▶ [PROBLEM DETAILS]: In the records that follow, the lines from the one containing "风***子罐手工制作工艺B378" to the one containing "The Flower That", inclusive, are to be given again exactly.

Dataset records

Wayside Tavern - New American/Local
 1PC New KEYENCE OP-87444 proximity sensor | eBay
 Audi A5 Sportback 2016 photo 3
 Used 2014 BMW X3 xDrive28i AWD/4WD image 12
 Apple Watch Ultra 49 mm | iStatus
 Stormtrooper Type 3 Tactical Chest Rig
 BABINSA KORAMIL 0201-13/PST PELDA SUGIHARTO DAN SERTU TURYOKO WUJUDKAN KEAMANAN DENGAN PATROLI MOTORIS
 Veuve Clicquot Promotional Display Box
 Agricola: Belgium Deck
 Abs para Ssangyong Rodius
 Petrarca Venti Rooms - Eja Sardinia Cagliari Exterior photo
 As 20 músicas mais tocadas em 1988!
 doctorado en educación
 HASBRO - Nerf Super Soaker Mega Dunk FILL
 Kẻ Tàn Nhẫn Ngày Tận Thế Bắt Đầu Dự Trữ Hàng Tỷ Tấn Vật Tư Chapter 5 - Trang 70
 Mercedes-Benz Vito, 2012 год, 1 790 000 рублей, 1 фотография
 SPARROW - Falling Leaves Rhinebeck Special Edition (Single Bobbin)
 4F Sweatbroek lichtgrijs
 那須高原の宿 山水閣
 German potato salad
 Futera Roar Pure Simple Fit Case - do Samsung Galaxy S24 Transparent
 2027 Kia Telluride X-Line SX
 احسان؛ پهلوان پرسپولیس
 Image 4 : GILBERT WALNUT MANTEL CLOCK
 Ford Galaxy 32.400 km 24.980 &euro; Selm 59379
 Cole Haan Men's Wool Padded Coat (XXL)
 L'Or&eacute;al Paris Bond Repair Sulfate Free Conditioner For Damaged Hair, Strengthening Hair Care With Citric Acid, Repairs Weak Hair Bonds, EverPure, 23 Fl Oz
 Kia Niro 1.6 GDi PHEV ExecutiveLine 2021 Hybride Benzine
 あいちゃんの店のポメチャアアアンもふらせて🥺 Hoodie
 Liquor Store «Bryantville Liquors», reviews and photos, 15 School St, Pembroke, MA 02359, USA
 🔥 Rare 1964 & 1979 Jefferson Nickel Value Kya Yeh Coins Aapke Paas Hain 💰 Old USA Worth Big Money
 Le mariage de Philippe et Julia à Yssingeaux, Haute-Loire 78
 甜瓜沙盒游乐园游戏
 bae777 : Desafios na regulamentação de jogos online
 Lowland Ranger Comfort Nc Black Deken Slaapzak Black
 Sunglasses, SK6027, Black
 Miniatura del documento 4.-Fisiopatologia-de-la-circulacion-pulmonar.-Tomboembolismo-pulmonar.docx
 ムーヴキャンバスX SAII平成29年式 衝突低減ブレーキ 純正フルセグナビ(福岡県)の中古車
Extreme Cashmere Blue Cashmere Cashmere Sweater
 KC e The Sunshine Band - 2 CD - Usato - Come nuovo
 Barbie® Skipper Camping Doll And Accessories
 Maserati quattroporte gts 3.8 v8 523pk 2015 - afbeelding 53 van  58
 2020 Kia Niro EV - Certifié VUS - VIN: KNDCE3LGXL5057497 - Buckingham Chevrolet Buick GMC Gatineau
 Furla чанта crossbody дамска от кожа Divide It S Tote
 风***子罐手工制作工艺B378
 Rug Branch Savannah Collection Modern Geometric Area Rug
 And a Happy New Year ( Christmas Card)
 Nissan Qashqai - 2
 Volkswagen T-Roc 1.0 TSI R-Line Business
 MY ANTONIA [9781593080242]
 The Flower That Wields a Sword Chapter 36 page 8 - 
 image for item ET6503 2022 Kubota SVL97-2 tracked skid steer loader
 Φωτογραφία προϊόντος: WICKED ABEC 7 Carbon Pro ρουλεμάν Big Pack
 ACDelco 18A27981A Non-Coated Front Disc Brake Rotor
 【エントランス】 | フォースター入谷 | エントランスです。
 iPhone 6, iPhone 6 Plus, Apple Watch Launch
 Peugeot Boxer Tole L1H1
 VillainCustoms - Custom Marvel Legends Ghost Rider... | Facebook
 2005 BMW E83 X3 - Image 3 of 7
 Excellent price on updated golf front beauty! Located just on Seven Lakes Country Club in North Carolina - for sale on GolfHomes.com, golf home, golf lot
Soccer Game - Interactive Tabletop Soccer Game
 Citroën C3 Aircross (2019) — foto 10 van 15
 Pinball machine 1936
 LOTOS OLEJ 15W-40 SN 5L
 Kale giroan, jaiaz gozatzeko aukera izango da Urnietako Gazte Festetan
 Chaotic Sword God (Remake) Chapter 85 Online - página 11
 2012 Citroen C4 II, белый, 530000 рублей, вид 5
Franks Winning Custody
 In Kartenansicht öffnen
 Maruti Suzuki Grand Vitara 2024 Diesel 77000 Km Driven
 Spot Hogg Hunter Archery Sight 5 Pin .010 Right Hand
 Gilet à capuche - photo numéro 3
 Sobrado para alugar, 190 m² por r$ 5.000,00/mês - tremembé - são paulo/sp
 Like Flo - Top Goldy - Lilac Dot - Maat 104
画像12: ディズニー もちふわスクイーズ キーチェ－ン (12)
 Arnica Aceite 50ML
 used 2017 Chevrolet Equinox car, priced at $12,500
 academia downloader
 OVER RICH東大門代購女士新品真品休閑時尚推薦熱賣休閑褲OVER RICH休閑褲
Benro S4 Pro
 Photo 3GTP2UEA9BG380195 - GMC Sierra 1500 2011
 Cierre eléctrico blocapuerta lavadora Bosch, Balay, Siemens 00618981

▶ [RESULT BELOW]:
 风***子罐手工制作工艺B378
 Rug Branch Savannah Collection Modern Geometric Area Rug
 And a Happy New Year ( Christmas Card)
 Nissan Qashqai - 2
 Volkswagen T-Roc 1.0 TSI R-Line Business
 MY ANTONIA [9781593080242]
 The Flower That Wields a Sword Chapter 36 page 8 - 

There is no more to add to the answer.